Et l’humanisme vint…

Bernard Foccroulle signe, avec Robert Legros et Tzvetan Todorov, une étude sur l’individu dans l’art. Concert et débat à l’appui

La Naissance de l’individu dans l’art, Grasset, 239 p., 13 euro. Conférence et concert : le 1er février, 20 heures, à la Monnaie, à Bruxelles. Tél. : 02 229 12 00 ; ou www.lamonnaie.be

Qui douterait aujourd’hui que l’art questionne autre chose que l’homme, pour en révéler au mieux son mystère insondable, ses fondements universels et, au pire, la vacuité navrante d’individus que plus rien d’autre ne relie que leur expression individualiste ? Il n’en a pas toujours été ainsi, comme nous le démontrent dans leur essai, La Naissance de l’individu dans l’art, l’historien Tzvetan Todorov, le philosophe Robert Legros et l’organiste Bernard Foccroulle. Un Foccroulle également directeur de la Monnaie, à Bruxelles, qui invite ses compères dans ses lieux, ce mardi 1er février, pour une conférence-débat suivie d’un concert où, au clavecin, il accompagnera, notamment, la basse de viole de Philippe Pierlot.

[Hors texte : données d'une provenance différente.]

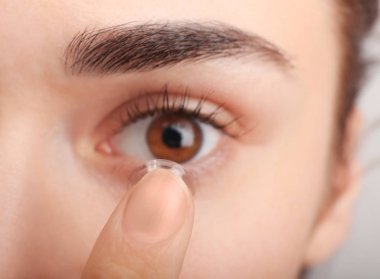 Kontakt lens gözlerinin içine koyarak kadın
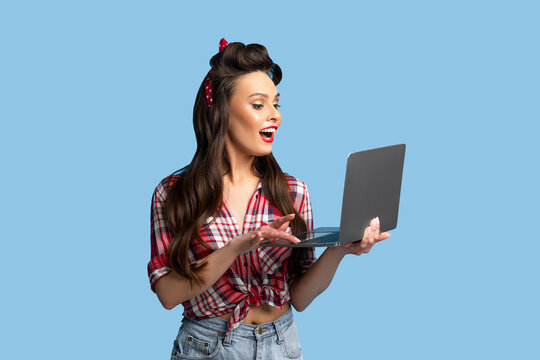 Sexy young pinup woman in plaid retro shirt using laptop over blue studio background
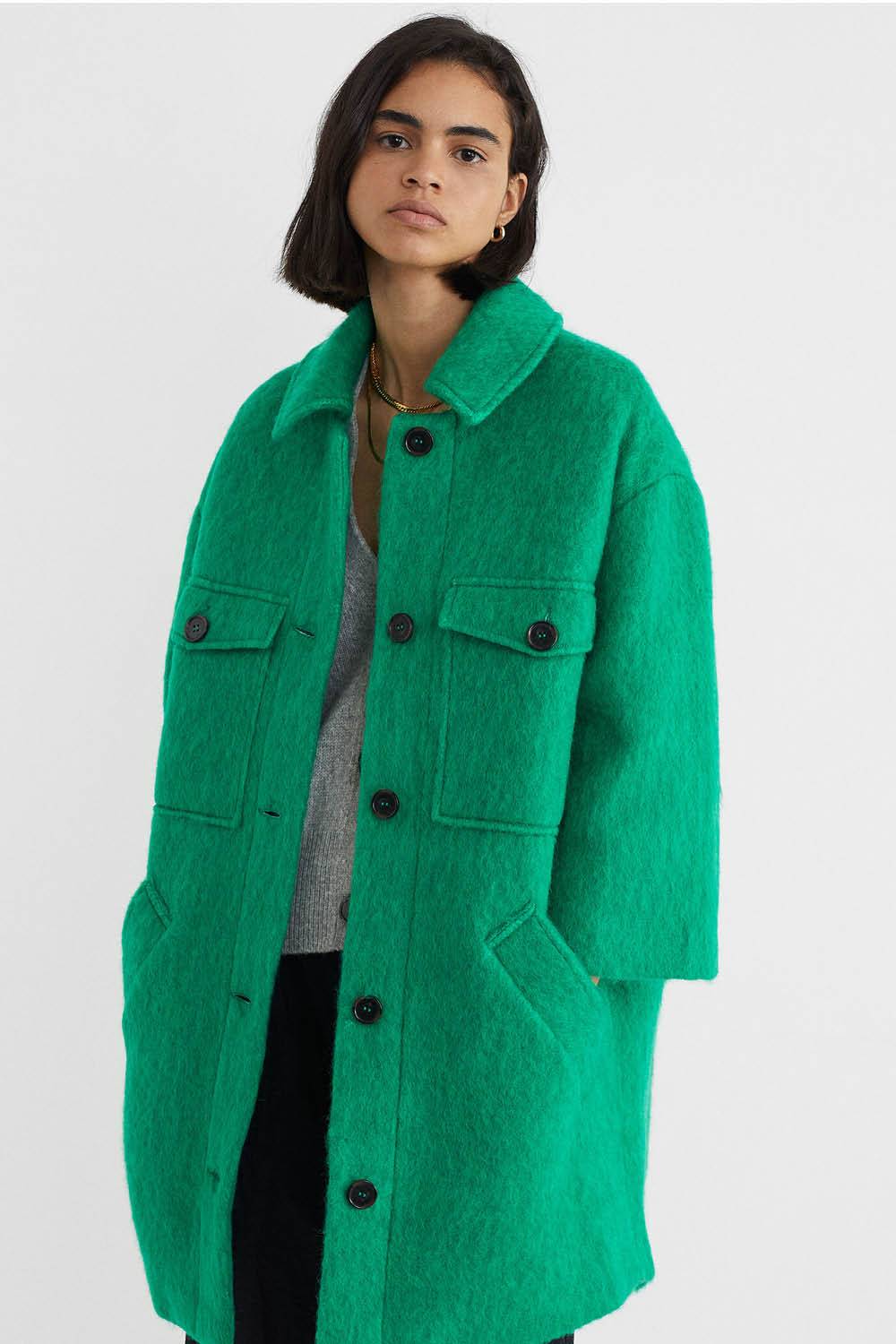 Abrigo verde manga tres cuartos parfois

Rien ne vaut la pratique pour démontrer la théorie, à savoir que c’est bien chez Monteverdi, qui donna, avec L’Orfeo, en 1607, ses lettres de noblesse à l’opéra, qu’éclate l’éloge de l’individu, porté par tous ses sens à la conquête de lui-même. Du moins en musique car, si l’on en croit Todorov, l’humanisme s’est matérialisé plus tôt en peinture, au xive siècle, lorsque les enlumineurs des Très Riches Heures du duc de Berry ne se conforment plus aux modes de représentation codifiés par l’Eglise. Ils se mettent à dépeindre la réalité telle qu’ils la voient et signent leurs  » £uvres « .

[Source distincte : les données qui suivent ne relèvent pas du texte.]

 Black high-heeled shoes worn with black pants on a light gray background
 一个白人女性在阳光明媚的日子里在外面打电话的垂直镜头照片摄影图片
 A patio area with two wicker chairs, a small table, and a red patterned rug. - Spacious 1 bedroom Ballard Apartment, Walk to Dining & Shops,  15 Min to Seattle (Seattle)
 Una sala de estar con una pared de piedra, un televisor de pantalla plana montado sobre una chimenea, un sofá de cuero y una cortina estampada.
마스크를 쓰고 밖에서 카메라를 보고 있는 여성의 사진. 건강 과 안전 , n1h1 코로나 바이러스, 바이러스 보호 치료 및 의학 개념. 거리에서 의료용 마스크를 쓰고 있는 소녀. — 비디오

La porte est ouverte aux premiers portraits de Campin et de Van Eyck, cent ans avant Erasme et cent cinquante ans avant les Essais de Montaigne. Des portraits d’êtres humains ordinaires qui ne se définissent plus nécessairement par leur rang, leur statut ou leur fonction, comme c’était le cas dans la conception théocentrique d’un monde hiérarchisé qui prévalait au Moyen Age, et même dans l’Antiquité, toujours selon Todorov. Avant Campin et Van Eyck, il ne voit guère de représentations naturalistes que dans la Rome du ier siècle apr. J.-C., citant Flaubert :  » Les dieux n’étant plus et le Christ n’étant pas encore, il y a eu, de Cicéron à Marc Aurèle, un moment unique où l’homme seul a été.  »

Pour que l’homme émerge, il faut donc que Dieu se retire. C’est d’ailleurs, selon Bernard Foccroulle, dans la musique profane qu’émerge l’expression individualisée, vers le xiie siècle, chez les troubadours qui chantent en langue vulgaire. Selon Robert Legros :  » L’homme moderne prend naissance quand la singularisation apparaît comme révélatrice de l’humain : l’humanisme de l’homme (l’essence de l’homme) réside dans la singularisation, donc dans une existence qui se soustrait à toute appartenance, qui précède toute fonction, qui échappe à tout classement, à toute identification.  »

L’homme découvre progressivement l’égalité, son exigence d’autonomie et d’indépendance. La route vers la démocratie est en marche, non sans s’accompagner de l’illusion individualiste. Une ambiguïté, selon le philosophe, qui pourrait pousser l’homme à ne chercher qu’en lui-même les fondements de sa pensée, de ses jugements et de ses actions. L’émergence d’un  » je  » sans  » nous « , avance Todorov, qui pointe aussi que le xxe siècle a été tenté tout autant par l’option inverse : un projet esthétique totalitaire d’un art qui se fabrique collectivement. Un  » nous  » sans  » je « , en quelque sorte. Au demeurant, les trois auteurs restent résolument optimistes et préfèrent, à l’épuisement individualiste de l’art, annoncé par Hegel, l’exploration des profondeurs insondables du c£ur et de l’âme qu’y voyait Tocqueville. Pour Todorov, Legros et Foccroulle, l’art, à travers l’individu-artiste, demeure une ouverture au mystère de l’humanité, à l’énigme de la condition humaine.